I had dreams of generating a random set of terms that fit the patterns described and then injecting a random number of the terms but TBH i'm out of time, it was a fun adventure, but its chewed up my sunday and now its getting late for dinner.

When looking for performance tuning, you need to have some good metrics around what you are currently experiencing and a realistic idea of both what is acceptable and how much time you are willing to pay for this effort. As an example, I bet OP has already spent a number of hours on this task, add my 8 hours today and the collective hours of others who have read this post and considered it, then this solution is well over 12 hours cost to the team.

I always defer back to this

Don't forget the time you spend finding the chart to look up what you save. And the time spent reading this reminder about the time spent. And the time trying to figure out if either of those actually make sense. Remember, every second counts toward your life total, including these right now.

The difference between the Array method and the ConcatenatedString is still very marginal, you would need a very large dataset to really observe any difference that this implementation can provide.

We've spent over 12 hours, so if this makes your query run 5 seconds faster, and you run this over 5 times a day, then in 5 years you break even with the time you spend working on this issue vs the cumulative time the user would have spent waiting for the query to complete if you have done nothing.

When working with SQL and CLR functions, there are other optimisations that you can do in the SQL database that can significantly improve the performance, CLR functions are hard for SQL to optimise, generally for a query that involves this sort of data it is easy to assume that improvements in the rest of the structure of the query or evaluating other filtering constraints before this type of lookup would save more time than what we have saved here today.

A Final Thought...
If the str1 value is pretty consistent for all the items in the list, then an XML or JSON comparison inside the SQL can be far more efficient, you can reduce the cycles for each row by half by pre-formatting the str1 value as a constant variable for the query, but you lose any benefit to this if you try to pass that data across the boundary into CLR.

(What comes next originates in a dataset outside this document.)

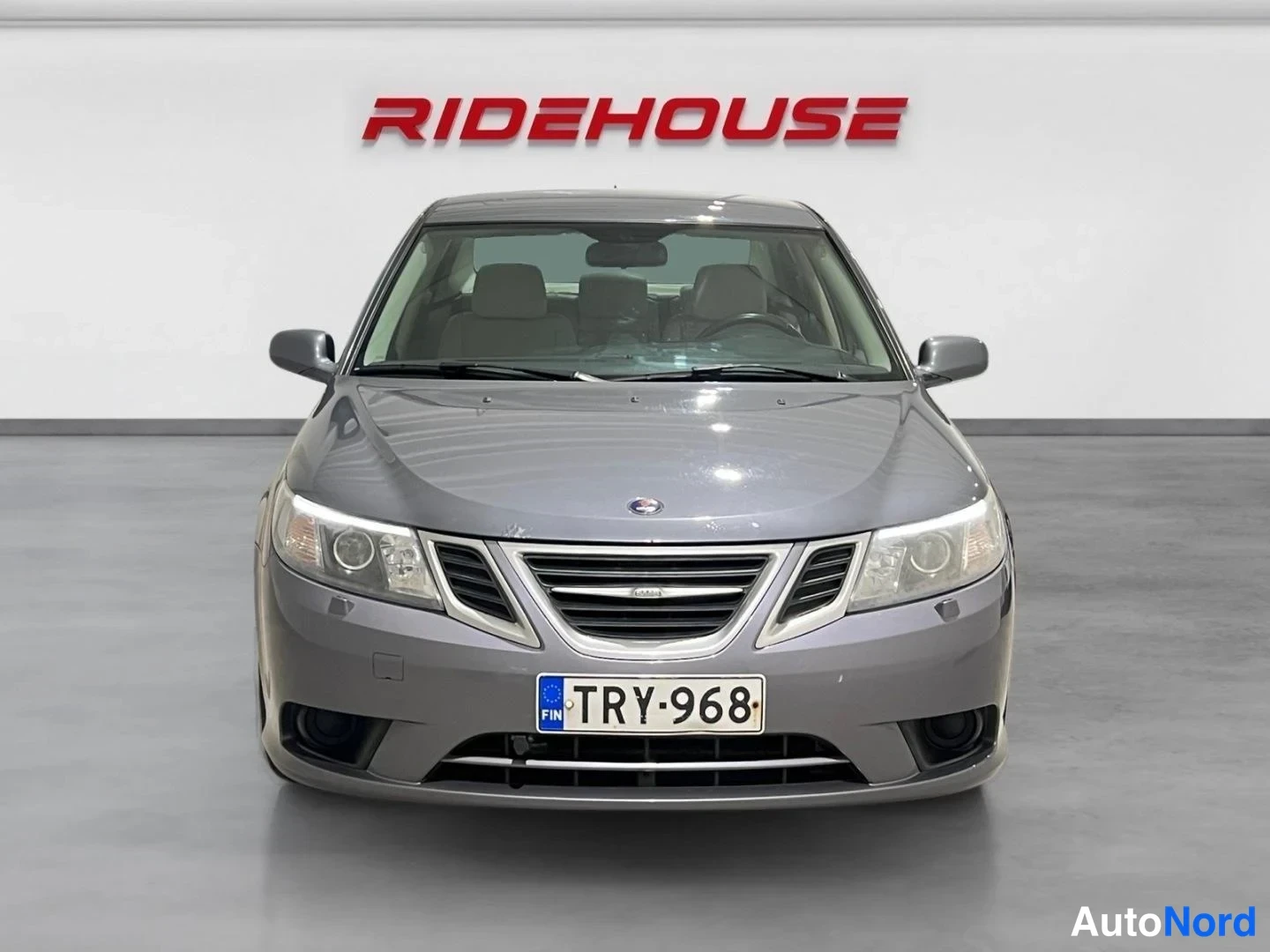 Harmaa Saab 9-3 2008, edestä, kuva 4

If this is frequently queried data used in search functions, similar to tags in tweets and other social media posts, then there are better architectural solutions to this problem, the simplest of which is to create a table of the individual terms so we can index them. The good news about SQL is that this implementation detail can be entirely managed in the database with triggers, that way the application and business domain logic do not need to be affected by this structural optimisation.